Отсрочка (1187–1244)

Когда правитель Египта решил отдать франкам Иерусалим, все страны ислама потрясла буря возмущения.

Сибт-Ибн-аль-Джаузи, арабский хронист (1186–1256)

Глава одиннадцатая

Несостоявшаяся встреча

Почитаемый как герой после отвоевания Иерусалима, Саладин не стал менее подверженным критике: дружеской критике со стороны близких людей и всё более язвительным нападкам со стороны противников.

Салахеддин, — говорит Ибн аль-Асир, — никогда не выказывал твёрдости в своих решениях. Когда он осаждал какой-нибудь город, и его защитники сопротивлялись некоторое время, он охладевал и снимал осаду. А ведь монарх не должен поступать так, даже если судьба ему благоприятствует. Лучше иногда потерпеть неудачу, оставшись твёрдым, чем иметь успех и затем расточить плоды своей победы. Ничто лучше не иллюстрирует эту истину, нежели поведение Салахеддина в отношении Тира. То, что мусульмане потерпели неудачу перед этим городом, исключительно его вина.

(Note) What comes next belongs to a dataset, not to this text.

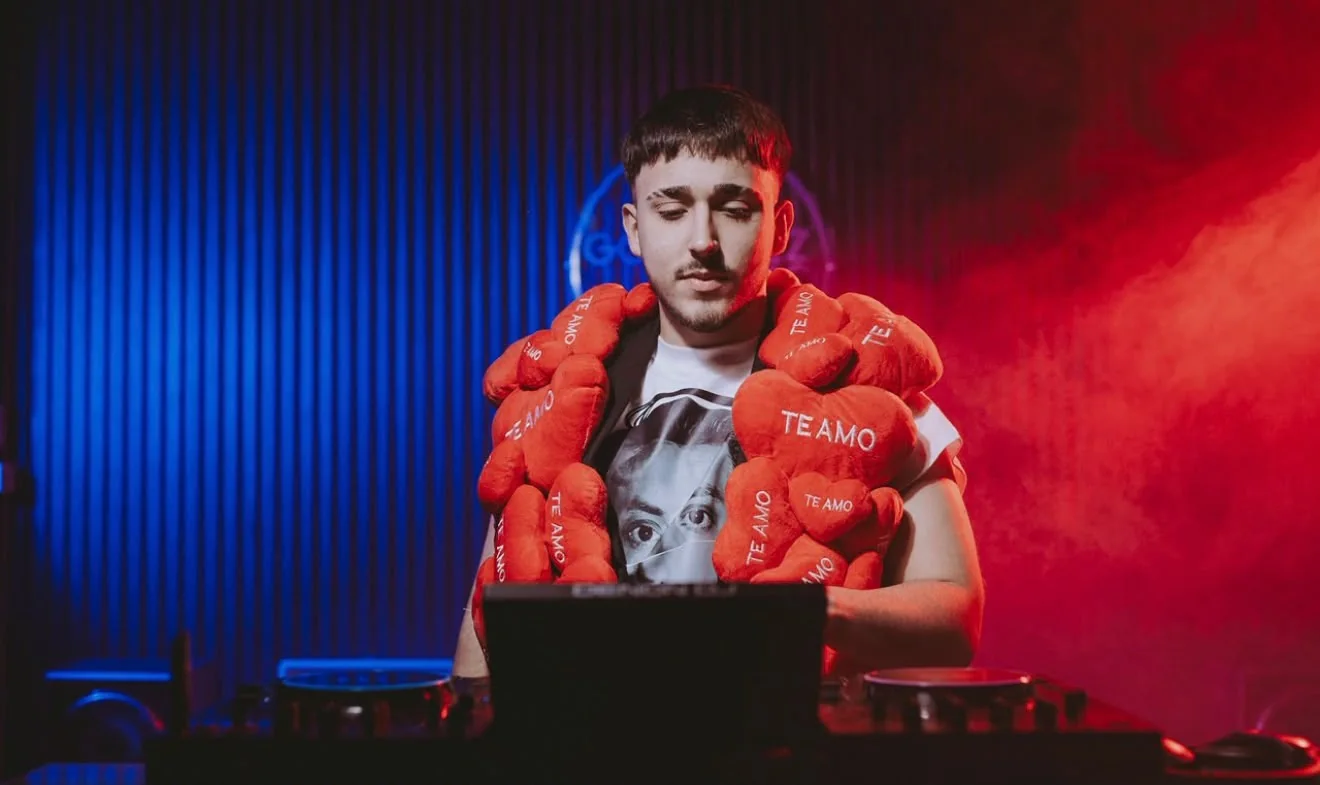 DJVALENOK en cabina con los corazones rojos al cuello, bajo luces rojas y azules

Не проявляя открытой враждебности, моссульский историк, верный династии Зенги, постоянно сдержан по отношению к Саладину. После Гиттина, после Иерусалима, Ибн аль-Асир присоединился к общему восторгу арабского мира, что, однако, не мешало ему без всяких послаблений отмечать ошибки героя. И в том, что касается Тира, упрёки историка совершенно справедливы.

Каждый раз, овладевая каким-нибудь франкским городом или крепостью, скажем Акрой, Аскалоном или Иерусалимом, Салахеддин позволял вражеским рыцарям и солдатам удаляться в Тир, так что город стал практически неприступен. Приморские франки отправляли послания тем, кто был за морями, и те обещали придти им на помощь. Не следует ли сказать, что именно сам Салахеддин некоторым образом организовал оборону Тира против его армии?

Нельзя, конечно упрекать султана за великодушие, которое он проявлял в отношении побеждённых. Его нежелание проливать бесполезную кровь, его строгое соблюдение обязательств, трогательная благородность всех его поступков, имеют в глазах Истории такую же ценность, как и его завоевания. И, тем не менее, нельзя отрицать, что он совершил серьёзный политический и военный промах. Он знал после захвата Иерусалима, что бросает вызов Западу и что тот отреагирует. В этих условиях разрешить десяткам тысяч франков обосноваться в Тире, наиболее укреплённом городе побережья, значило создать идеальный плацдарм для нового вторжения. Самое главное было то, что в отсутствие короля Ги, всё ещё находившегося в плену, рыцари нашли вожака, обладавшего чрезвычайной упорностью, человека, которого арабские хронисты зовут «аль-Маркиш», маркиз Конрад Монферратский, недавно прибывший с Запада.

Саладин, хотя и сознавал опасность, но недооценивал её. В ноябре 1187 года, через несколько недель после завоевания Святого Града, он начал осаду Тира. Но делал он это без особой решительности. Древний финикийский город не мог быть взят иначе как при массированной поддержке египетского флота. Саладин знал это. Однако он предстал перед стенами города со всего лишь десятью судами, пять из которых были скоро сожжены защитниками в результате дерзкой и неожиданной атаки. Остальные корабли отплыли в направлении Бейрута. Лишившись военного флота, мусульманская армия могла наступать лишь с узкого горного карниза, соединявшего город с материком. В этих условиях осада могла длиться месяцы. Тем более что франки под действенным руководством «аль-Маркиша», очевидно, были готовы драться до последнего. Утомлённые этой бесконечной кампанией, большинство эмиров советовало Саладину отступить. Султан мог бы с помощью золота убедить некоторых из них остаться с ним, но зимой солдаты стоили дорого, а государственная казна была пуста. Да и сам он устал. Поэтому он демобилизовал половину своих войск и, сняв осаду, отправился на север, где можно было отвоевать немало городов и крепостей без особых усилий.